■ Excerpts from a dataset
────

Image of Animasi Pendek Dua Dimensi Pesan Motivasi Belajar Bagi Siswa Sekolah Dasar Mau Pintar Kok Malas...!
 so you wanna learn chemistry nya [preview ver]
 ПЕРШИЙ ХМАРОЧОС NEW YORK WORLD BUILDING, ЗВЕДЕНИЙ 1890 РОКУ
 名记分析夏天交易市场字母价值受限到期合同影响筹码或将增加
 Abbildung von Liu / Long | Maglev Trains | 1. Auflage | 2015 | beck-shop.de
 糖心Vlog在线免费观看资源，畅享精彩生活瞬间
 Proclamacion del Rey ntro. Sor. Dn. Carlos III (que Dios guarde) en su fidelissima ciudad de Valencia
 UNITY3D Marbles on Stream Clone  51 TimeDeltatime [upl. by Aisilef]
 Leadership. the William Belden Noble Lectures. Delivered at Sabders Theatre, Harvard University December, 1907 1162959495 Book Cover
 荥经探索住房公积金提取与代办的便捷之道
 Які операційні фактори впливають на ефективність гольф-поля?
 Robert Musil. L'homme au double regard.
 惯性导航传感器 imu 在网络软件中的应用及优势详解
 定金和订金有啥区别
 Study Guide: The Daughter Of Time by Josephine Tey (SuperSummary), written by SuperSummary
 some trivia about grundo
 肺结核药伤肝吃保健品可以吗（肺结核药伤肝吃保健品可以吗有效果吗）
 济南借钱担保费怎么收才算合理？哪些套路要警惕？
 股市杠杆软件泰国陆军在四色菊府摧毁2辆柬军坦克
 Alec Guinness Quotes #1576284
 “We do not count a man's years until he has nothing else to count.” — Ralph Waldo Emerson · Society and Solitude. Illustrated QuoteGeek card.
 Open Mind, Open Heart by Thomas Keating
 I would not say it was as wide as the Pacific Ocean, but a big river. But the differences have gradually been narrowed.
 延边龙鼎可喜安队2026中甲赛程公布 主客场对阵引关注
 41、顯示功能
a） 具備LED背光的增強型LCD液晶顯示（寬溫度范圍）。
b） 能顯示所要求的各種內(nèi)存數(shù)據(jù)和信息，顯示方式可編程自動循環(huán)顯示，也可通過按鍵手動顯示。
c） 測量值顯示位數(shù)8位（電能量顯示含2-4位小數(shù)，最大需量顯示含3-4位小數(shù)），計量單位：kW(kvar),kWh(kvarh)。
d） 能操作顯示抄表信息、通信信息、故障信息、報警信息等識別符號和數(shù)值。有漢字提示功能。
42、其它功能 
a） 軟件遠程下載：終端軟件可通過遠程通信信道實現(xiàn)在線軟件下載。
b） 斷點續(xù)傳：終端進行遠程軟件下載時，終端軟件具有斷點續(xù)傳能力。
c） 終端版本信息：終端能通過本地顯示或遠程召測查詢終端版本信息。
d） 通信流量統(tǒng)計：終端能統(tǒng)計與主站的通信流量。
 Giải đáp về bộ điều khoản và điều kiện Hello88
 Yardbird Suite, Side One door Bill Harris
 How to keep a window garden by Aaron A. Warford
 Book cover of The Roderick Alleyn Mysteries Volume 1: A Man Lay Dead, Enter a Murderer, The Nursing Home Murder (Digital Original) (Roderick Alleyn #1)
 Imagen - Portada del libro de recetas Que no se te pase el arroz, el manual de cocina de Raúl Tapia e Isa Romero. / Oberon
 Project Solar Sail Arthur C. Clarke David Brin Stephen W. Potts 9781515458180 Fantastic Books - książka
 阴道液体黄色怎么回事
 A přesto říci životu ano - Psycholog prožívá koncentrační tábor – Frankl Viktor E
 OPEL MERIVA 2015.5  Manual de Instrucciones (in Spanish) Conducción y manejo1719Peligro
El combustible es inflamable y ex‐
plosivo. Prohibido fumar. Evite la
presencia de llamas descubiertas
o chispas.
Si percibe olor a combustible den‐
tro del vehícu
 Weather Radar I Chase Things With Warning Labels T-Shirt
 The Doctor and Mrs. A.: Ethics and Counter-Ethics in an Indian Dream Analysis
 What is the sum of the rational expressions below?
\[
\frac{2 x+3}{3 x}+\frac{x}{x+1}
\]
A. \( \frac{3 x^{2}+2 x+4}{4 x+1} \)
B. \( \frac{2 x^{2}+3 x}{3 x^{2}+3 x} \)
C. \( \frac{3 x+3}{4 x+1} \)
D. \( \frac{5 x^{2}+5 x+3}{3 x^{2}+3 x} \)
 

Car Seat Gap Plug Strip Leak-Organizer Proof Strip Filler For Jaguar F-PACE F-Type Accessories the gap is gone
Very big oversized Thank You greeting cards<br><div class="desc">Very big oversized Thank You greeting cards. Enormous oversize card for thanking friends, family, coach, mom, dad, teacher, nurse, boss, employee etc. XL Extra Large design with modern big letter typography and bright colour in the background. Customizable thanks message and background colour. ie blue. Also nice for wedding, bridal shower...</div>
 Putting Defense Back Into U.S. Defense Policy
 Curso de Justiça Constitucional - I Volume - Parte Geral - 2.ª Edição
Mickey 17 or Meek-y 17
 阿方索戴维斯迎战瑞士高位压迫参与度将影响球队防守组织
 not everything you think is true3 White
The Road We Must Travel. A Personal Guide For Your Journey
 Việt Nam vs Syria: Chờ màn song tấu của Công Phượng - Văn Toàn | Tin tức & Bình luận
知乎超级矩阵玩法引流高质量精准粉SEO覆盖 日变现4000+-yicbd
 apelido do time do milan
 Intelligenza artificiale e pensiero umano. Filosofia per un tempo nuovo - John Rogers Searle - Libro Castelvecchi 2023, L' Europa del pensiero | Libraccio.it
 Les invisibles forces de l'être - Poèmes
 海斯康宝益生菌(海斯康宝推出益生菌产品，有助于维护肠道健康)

────

■ Problem details
Filter the entries above down to the lines that contain the word "Guide".

■ Answer box
 Study Guide: The Daughter Of Time by Josephine Tey (SuperSummary), written by SuperSummary
The Road We Must Travel. A Personal Guide For Your Journey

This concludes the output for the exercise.